The phrase, substantial risk of forfeiture (SRF), is loosely understood as a vesting condition and is one of the most important concepts throughout Section 409A. The negative tax consequences noted above do not apply while an amount remains subject to an SRF and there are certain ways to correct Section 409A violations that are available only while an amount remains subject to an SRF. Even more powerful, however, is an exemption from Section 409A known as the short-term deferral exception, which turns on the definition of SRF. Short-term deferrals are best understood as a pay-when-vest arrangement. So long as a payment occurs once (or soon after) the SRF lapses, the arrangement generally is exempt from the onerous rules of Section 409A. A traditional retention bonus is the most straight-forward example of a short-term deferral.

No Extension of SRF

Section 409A generally prohibits parties from extending an SRF, rightly assuming that an employee would not agree to extend a vesting condition unless the purpose was to delay recognition of tax. However, the addition or extension of an SRF will be honored if the present value of the amount subject to the additional SRF is materially greater than the present value of the amount the service provider otherwise could have elected to receive absent such risk of forfeiture.

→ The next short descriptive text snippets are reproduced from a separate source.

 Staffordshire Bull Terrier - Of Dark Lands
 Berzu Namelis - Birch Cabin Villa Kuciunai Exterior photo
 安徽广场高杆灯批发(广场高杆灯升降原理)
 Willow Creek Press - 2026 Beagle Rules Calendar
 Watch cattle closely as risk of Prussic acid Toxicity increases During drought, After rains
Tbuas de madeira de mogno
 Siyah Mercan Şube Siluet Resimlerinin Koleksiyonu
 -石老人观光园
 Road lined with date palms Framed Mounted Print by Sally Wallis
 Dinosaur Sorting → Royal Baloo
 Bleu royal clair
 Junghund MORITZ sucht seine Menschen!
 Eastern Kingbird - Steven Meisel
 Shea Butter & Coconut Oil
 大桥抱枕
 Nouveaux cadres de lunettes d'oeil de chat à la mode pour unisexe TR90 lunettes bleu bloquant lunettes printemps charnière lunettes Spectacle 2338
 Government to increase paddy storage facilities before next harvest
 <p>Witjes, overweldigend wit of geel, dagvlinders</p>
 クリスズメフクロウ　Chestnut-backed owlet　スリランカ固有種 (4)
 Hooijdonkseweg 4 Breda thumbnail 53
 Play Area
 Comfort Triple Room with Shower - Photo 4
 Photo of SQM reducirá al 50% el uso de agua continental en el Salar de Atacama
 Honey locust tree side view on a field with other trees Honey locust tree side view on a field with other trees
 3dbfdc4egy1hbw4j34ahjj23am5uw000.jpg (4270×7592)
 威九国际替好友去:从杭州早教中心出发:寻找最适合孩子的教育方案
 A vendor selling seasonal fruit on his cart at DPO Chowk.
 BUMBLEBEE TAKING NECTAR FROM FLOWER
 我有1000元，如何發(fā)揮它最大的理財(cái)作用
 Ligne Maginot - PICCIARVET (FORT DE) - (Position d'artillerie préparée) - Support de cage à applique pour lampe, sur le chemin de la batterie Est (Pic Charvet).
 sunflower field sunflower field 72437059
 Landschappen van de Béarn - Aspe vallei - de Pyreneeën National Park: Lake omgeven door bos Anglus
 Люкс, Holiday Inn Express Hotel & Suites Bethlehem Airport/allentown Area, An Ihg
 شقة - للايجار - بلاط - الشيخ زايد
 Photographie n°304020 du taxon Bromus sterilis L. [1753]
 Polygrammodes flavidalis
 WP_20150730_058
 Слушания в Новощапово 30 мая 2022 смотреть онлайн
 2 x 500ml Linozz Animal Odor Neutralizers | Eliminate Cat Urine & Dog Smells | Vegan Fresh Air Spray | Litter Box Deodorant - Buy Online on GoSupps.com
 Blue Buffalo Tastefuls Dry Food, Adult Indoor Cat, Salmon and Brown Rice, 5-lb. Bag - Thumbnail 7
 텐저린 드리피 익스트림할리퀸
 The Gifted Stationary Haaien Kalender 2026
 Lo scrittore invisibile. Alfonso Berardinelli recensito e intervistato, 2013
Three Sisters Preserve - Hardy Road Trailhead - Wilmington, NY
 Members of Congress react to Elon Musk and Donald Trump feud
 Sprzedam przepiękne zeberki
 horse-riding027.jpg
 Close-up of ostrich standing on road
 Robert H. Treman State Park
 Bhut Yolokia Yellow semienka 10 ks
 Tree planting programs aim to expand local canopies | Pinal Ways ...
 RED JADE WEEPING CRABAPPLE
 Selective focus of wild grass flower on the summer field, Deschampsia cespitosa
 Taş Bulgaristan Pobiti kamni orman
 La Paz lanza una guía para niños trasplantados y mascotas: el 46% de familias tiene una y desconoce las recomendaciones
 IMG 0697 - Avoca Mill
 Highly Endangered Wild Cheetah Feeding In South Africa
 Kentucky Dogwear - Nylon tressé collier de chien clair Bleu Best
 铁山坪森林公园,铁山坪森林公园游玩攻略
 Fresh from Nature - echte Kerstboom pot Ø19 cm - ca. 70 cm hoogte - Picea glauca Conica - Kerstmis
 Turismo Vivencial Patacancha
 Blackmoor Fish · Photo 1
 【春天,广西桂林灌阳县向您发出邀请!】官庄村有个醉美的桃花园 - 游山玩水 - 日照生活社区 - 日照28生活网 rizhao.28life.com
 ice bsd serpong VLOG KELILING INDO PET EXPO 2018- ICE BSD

What is Materially Greater?

Practitioners have debated what level of additional compensation would be sufficient to satisfy the “materially greater” threshold. The CCA suggests that any amount that is at least 25% in excess is sufficient. Any increases less than 25% now raise additional risk and should be discussed with counsel.

Timing of Extension?

The facts of the CCA involved a deferral election in 2014 with respect to 2015 salary. Readers familiar with Section 409A will recognize that this election timing complies with Section 409A’s general rule that deferral elections occur no later than the end of the calendar year before the year in which the applicable services are rendered. Note, however, that nothing in the regulations requires that an extension of an SRF occur by any certain date. That flexibility to extend an SRF outside of 409A’s election timing rules may be useful in several circumstances.

Helpful for Troubled Companies?

The CCA may reduce the 409A risk faced by cash-strapped (usually smaller) companies that determine in the middle of a calendar year that salary payments are problematic. The CCA suggests that, so long as those companies are willing to pay a materially greater amount in the future, deferring salary may be done without violating Section 409A. Moreover, these arrangements presumably would remain short-term deferrals and could be accelerated without violating Section 409A.